▸ The problem
Look through the listing below and write out exactly the lines from the line with "Outdoor dining - Palme" to the line with "Michael Kors Jet", both included, and no others.

▸ Extracted information

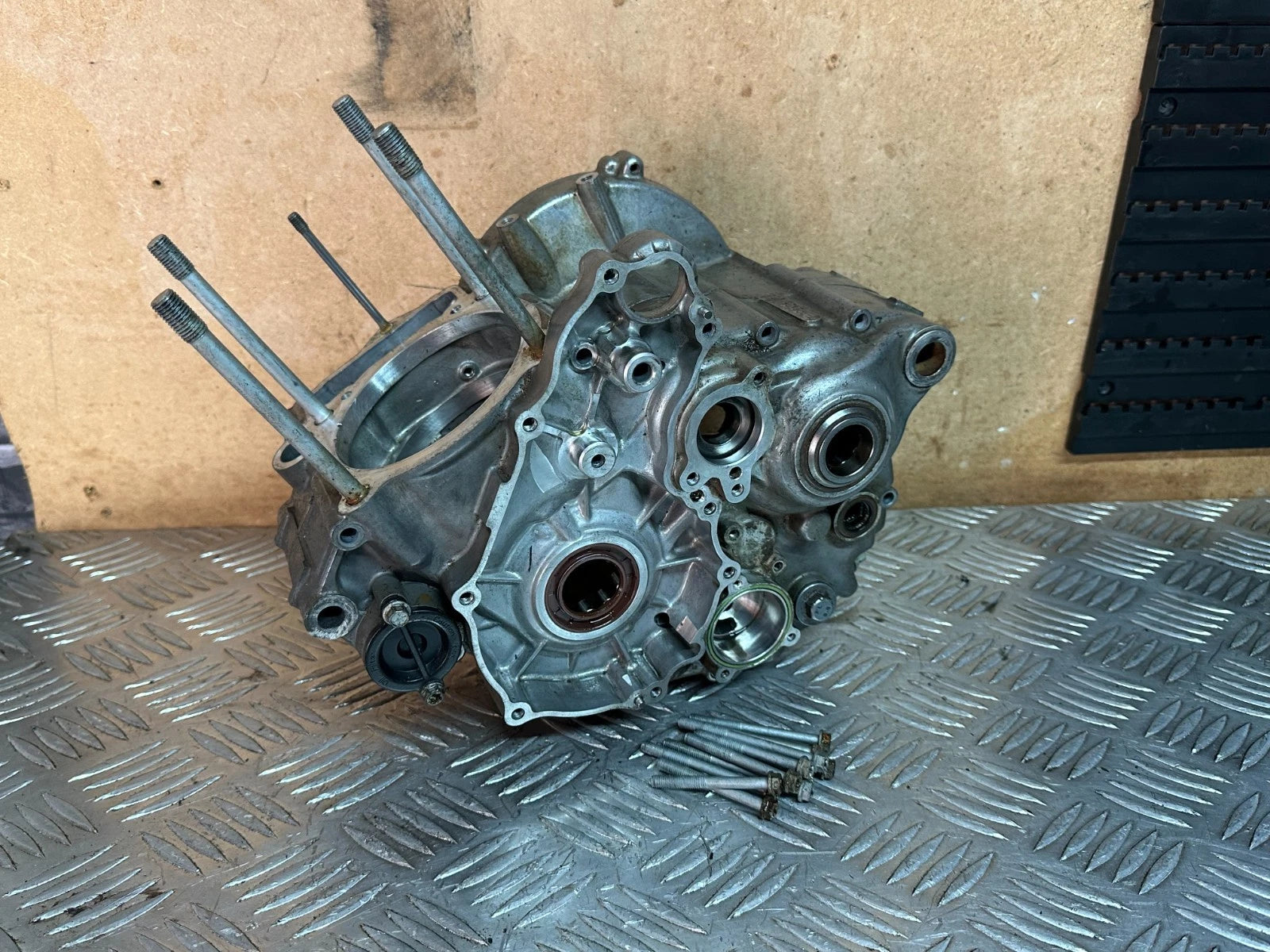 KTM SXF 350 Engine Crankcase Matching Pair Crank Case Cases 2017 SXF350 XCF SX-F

==

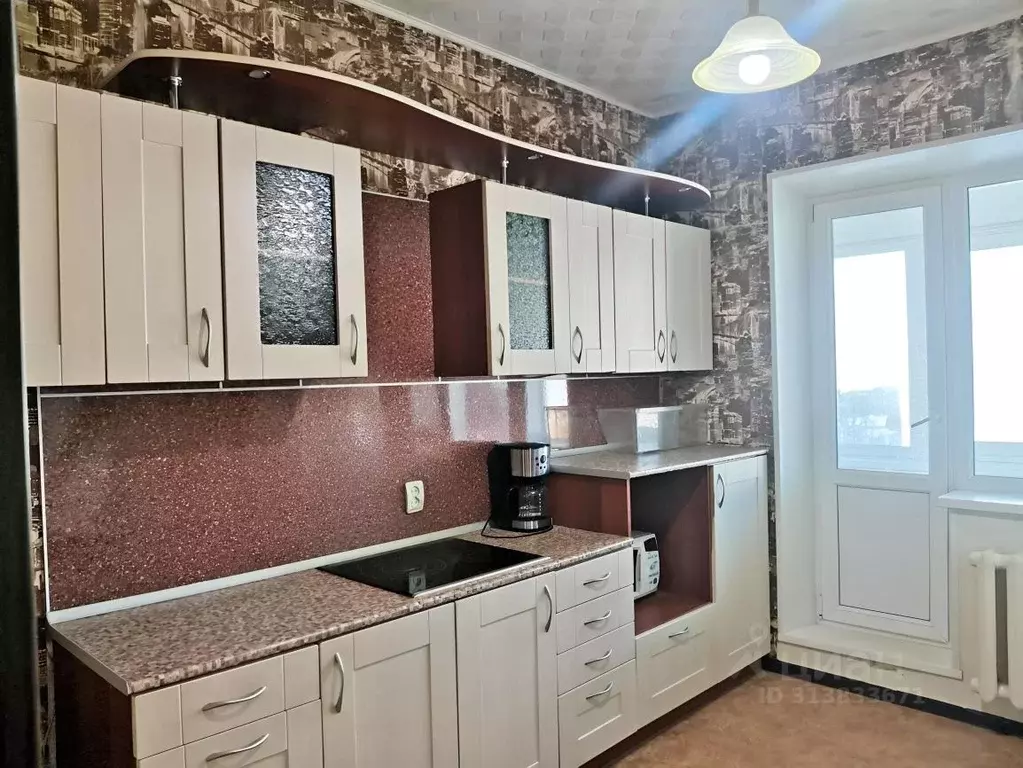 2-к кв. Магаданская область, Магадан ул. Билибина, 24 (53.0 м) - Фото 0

---

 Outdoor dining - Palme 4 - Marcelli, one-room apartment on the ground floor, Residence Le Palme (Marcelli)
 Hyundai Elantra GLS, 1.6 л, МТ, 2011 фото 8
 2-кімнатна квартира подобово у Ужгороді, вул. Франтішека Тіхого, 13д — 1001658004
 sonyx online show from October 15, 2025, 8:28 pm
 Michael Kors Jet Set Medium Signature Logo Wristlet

▸ Exercise answer
 Outdoor dining - Palme 4 - Marcelli, one-room apartment on the ground floor, Residence Le Palme (Marcelli)
 Hyundai Elantra GLS, 1.6 л, МТ, 2011 фото 8
 2-кімнатна квартира подобово у Ужгороді, вул. Франтішека Тіхого, 13д — 1001658004
 sonyx online show from October 15, 2025, 8:28 pm
 Michael Kors Jet Set Medium Signature Logo Wristlet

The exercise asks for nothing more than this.